> **Exercise requirements**:
Reproduce, word for word, the lines in the material below starting with the one that has "Old San Juan" and going on through the one that has "lot 210 image: Floral". Leave out all pictures.

> **Data for analysis**:
□ □ □ □ □ □ □
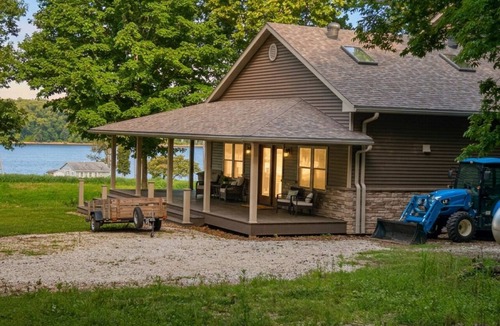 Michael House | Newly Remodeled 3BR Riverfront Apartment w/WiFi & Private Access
□ □ □ □ □ □ □
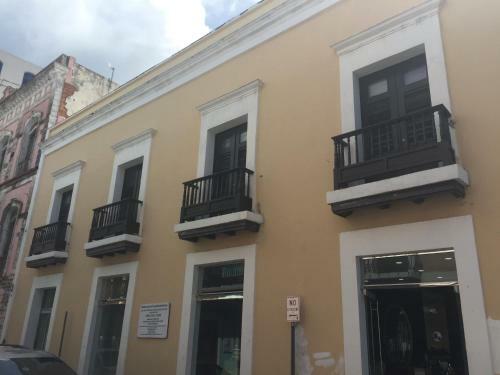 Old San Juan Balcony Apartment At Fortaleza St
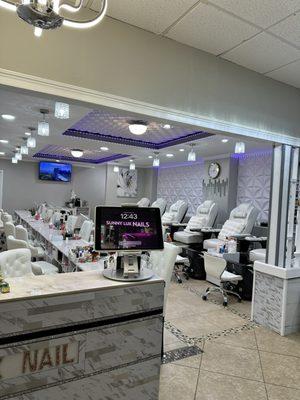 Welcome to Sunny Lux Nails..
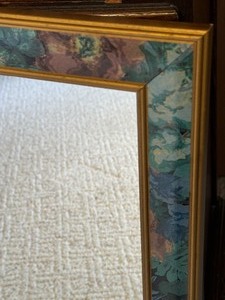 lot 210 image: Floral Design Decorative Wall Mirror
□ □ □ □ □ □ □
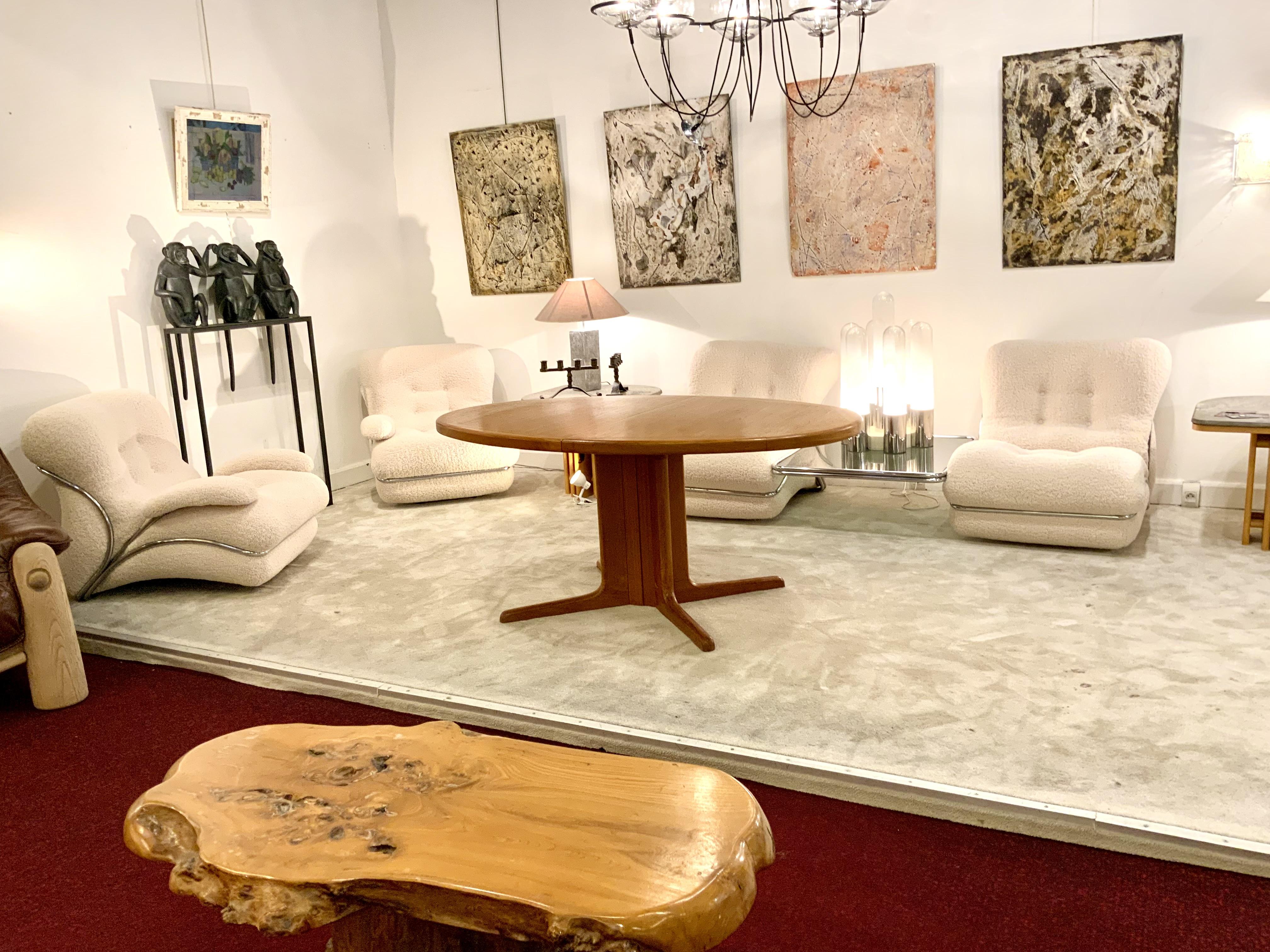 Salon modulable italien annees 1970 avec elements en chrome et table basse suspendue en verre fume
□ □ □ □ □ □ □
> **Answer for the task**:
 Old San Juan Balcony Apartment At Fortaleza St
 Welcome to Sunny Lux Nails..
 lot 210 image: Floral Design Decorative Wall Mirror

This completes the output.